Por la tarde junto con Ernesto y Josué, conductor de la camioneta y conocedor de las rutas, fuimos en mi coche a comprar pollos asados sin imaginar el inicio de un calvario. Primero se cayó la defensa trasera, la cargamos sobre el toldo hasta Estación Catorce, porque ya no había pollos en Wadley, y así hasta volver a Las Margaritas donde Josué, por primera vez, tomó la ruta equivocada. Creyó que sólo daríamos un rodeo, pero el camino estaba cerrado casi dos horas adelante, y al regresar en dirección hacia las luces lejanas de la carretera, nos atascamos en cierto tramo con unas profundas zanjas llenas de arena polvosa.
No encontramos ni una piedra en el área, sólo varas secas y un tronquito de palma que metimos bajo la llanta elevando el auto con el gato. Pronto, la madera quedó deshecha, se aflojó el suelo debajo del gato, los intentos se fueron desmotivando y entre las opciones surgió el más oscuro de mis desvaríos: abandonar mi coche e ir a buscar un tractor para sacarlo. ¡Al carajo! Antes rellenaría las zanjas con gobernadora, la única planta sin espinas y último recurso disponible.

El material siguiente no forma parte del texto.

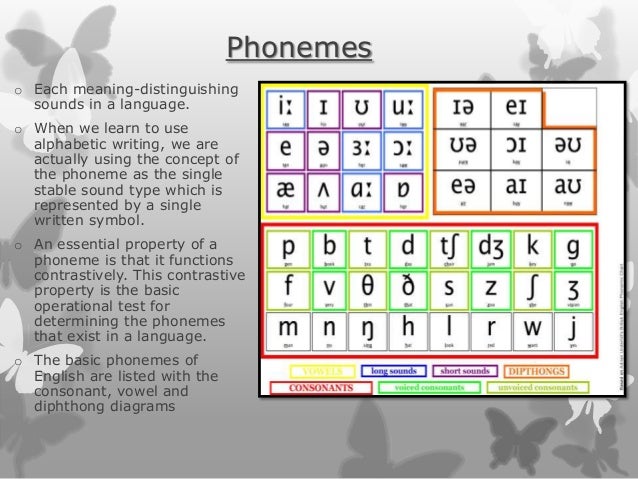 The sound patterns of language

Rompí montones de arbustos pidiendo disculpas, separé las ramas con hojas cubriendo el polvo, aparté las varas más gruesas a mis compas para hacer bases debajo del gato y las llantas delanteras, se quitó la arena entre las zanjas usando la defensa caída y logramos salir en dos trechos luego de cinco horas de intentos. Volvimos a la carretera y de nuevo a Las Margaritas pasadas las 4:00 am., nos perdimos buscando referencias del camino y al final estacionamos en la plaza a esperar que alguien despertara para guiarnos en motocicleta.
Llegamos al campamento ya terminadas las ceremonias, pero aún a tiempo para ofrendar este esfuerzo en el Bernalejo y un desayuno de pollo asado a la familia. Luego nos fuimos a Real de Catorce, para dejar la última ofrenda en la cima del cerro El Quemado -Reu’unar-, y despedirnos del grupo después de la cena. Al día siguiente, tras arreglar una llanta ponchada con espinas de mezquite, al fin visitamos el vallecito de Potrero con su “iglesia mocha”, el terreno y la casa de Renato, donde ahora vive una de sus hijas quien me brindó una versión dulcificada del carácter y los rasgos de su papá.
Sobra decir que faltan detalles por contar, cosas que cobran sentido o emociones en cada suceso. Los percances del auto materializaron mis miedos, cada oscuro desvarío y el reto del peor escenario, logrando el enfoque requerido para superarlos. Entre los duelos físicos y del trabajo interno, ciertos conflictos con la banda reflejaron carencias en mis relaciones que en verdad conviene cerrar (por ejemplo, reservando mi opinión). Cumplo compromisos a los 52 años, con este gran impulso de abrirme a nuevos ciclos y conceptos paternales, confiado en el testimonio de saber manejar mis recursos.
No me extraña ver tanta gente mestiza procurando la poderosa magia del lugar o incluso, asumiendo los compromisos de la tradición wixárika con amarres tan rituales como físicos en aportaciones económicas. Yo cierro a través de Asención el peregrinar que inicié con su padre, para agradecer a esta tierra la transformación iniciada hace años junto con el mío. Algún día volveré a buscar el impulso de la enseñanza del peyote, porque ahora, hasta los astros me sugieren enfocar la mente en poner en práctica lo aprendido.